Complicating the switchover, however, was the fact that MK-3 enables users to eliminate process steps that were once critical for previous generations of the technology. For example, the brine injection system required for the MK-2 is no longer needed to regenerate the resins. That meant a technician no longer needed to engage in the weekly task of filling the system with salt water at a concentration appropriate for the feedwater the plant treats.
With the change to MK-3, technicians no longer need to fill the system with salt water on a weekly basis.
Profiting from Power
In addition, the concentrate recirculation loop that continuously pumped water in the MK-2 is no longer needed because the MK-3 can start up with only feedwater pressure. Eliminating the recirculation pump is a significant contributor to the nearly 50% reduction in power consumption for the latest generation of EDI equipment, which might seem minor to a plant generating as much as 500 mW annually but nonetheless impacts the bottom line.
In fact, the reduction in operating costs is a significant driver in growing use of EDI, which is a function of how the technology works.
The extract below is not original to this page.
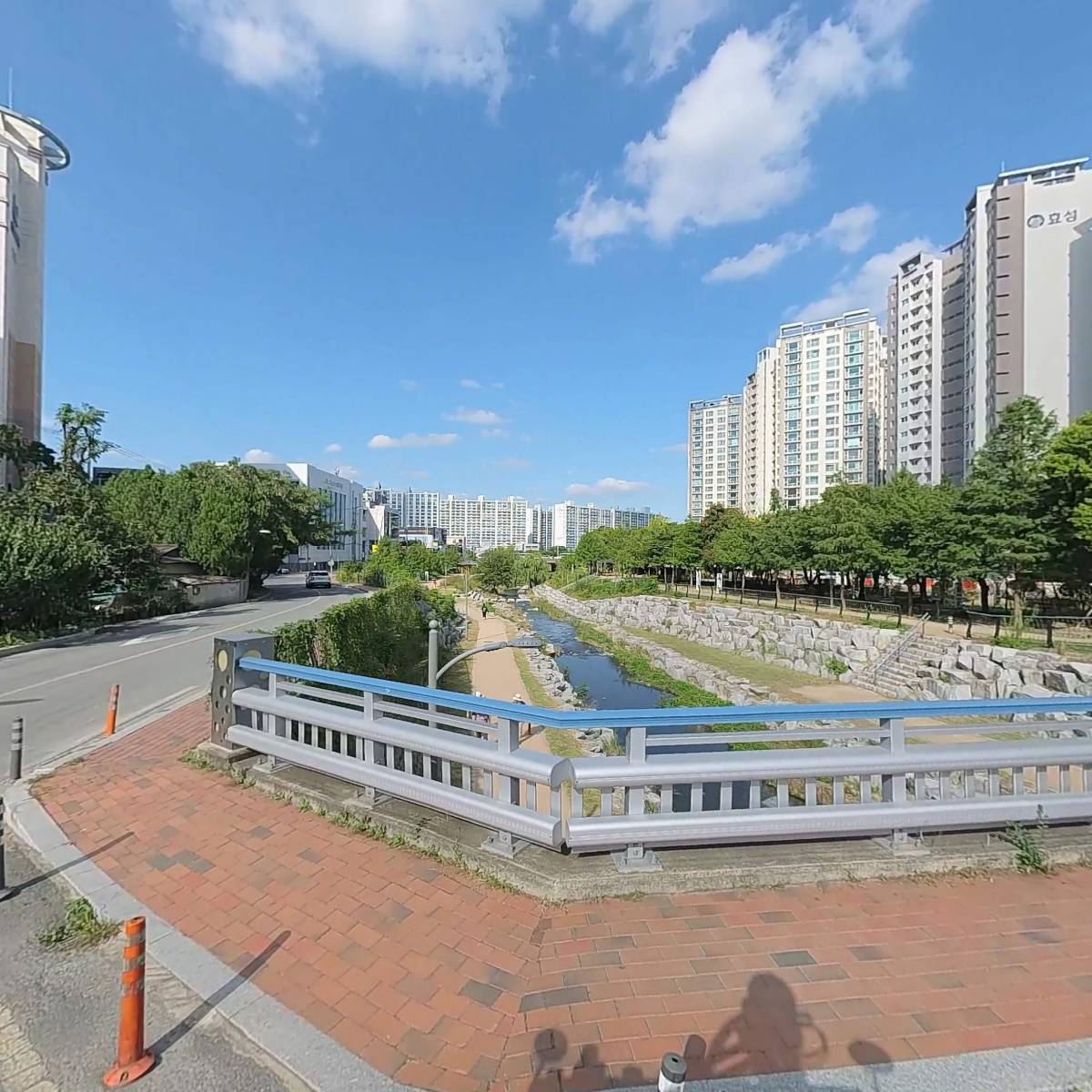 명동돼지한마리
EDI is based on the same principles as traditional ion exchange. Resin beads exchange salts in cation and anion form for hydrogen and hydroxide. However, the regeneration of the resin is different. EDI regenerates the resin beads continuously using electricity. Splitting water at the surface of the resin beads creates hydrogen and hydroxyl ions, which continuously regenerate the ion-exchange resins.
This eliminates the need for chemicals to regenerate the resins. Furthermore, it eliminates the batch process that requires traditional ion exchange to be off-line from time to time during regeneration, often at off-site locations. This explains why EDI is a suitable choice for remote locations.
Additionally, because the resin beads do not require backwashing or fluidized beds, they do not need to be installed in large pressurized tanks. And because EDI equipment require less resin for a given flow, the equipment size is smaller.
Counter-current flow is another source of efficiency in the latest EDI technology. The dilute resin bed gets the highest concentration of divalent ions at the entry point. However, the concentrate flow starts at the opposite end of the resin bed. This means the highest concentration of divalent “scaling” ions are transferred to the outlet part of the concentrate chamber instead of the inlet. This method provides a two to four times reduction in scaling potential compared to the co-current method, saving chemicals with less frequent cleanings.
Two mechanical technicians and a computer technician visited the facility to ensure a smooth installation and configuration of the water purification system.
Initializing the Install
To ensure the EDI system fulfilled plant management’s expectations for efficiency, MPW deployed two mechanical technicians and one computer technician to the facility for the installation and reconfiguration of its water purification system. The plant supplied one worker and a forklift truck to assist MPW.
Eliminating the brine injection and recirculation systems was relatively simple; connecting the new EDI system with pretreated water was a different story. The EDI system needed to be connected to the plant’s reverse osmosis (RO) unit, which is one of two pretreatment steps for the well water that supplies the plant. (The other pretreatment process is multimedia filtration.) As a result, MPW engineers developed detailed drawings for the installation of pipes from the RO unit to the new EDI units.
To meet the power plant’s need for 120 gal of water per minute (gpm), MPW’s engineers, working in conjunction with counterparts from Suez Water Technologies, determined that two rows of nine EDI units, one above the other, would meet requirements. EDI systems in power plants typically treat water between 40 and 700 gpm, though some facilities use the technology to treat water flows as high as 2,000 gpm.
Removal of the brine injection system and recirculation pump, and installation of the new EDI units required two days. Another two days were required to program the system, largely because the power plant wanted to continue using its 1980s-era programmable logic controller (PLC) to operate the water purification process. Recognizing this requirement during the planning stages, MPW obtained an older-model laptop so it could communicate with the PLC.
MPW completed the replacement and upgrade of the EDI system one day early, avoiding any delay in the generation of electricity due to the system upgrade while providing the capability for the continuous supply of deionized water. And for plant management, the planning and preparation for the installation and retrofit made the switch to the new EDI system seem no more complicated than the changing of a light bulb or the resetting of a circuit breaker.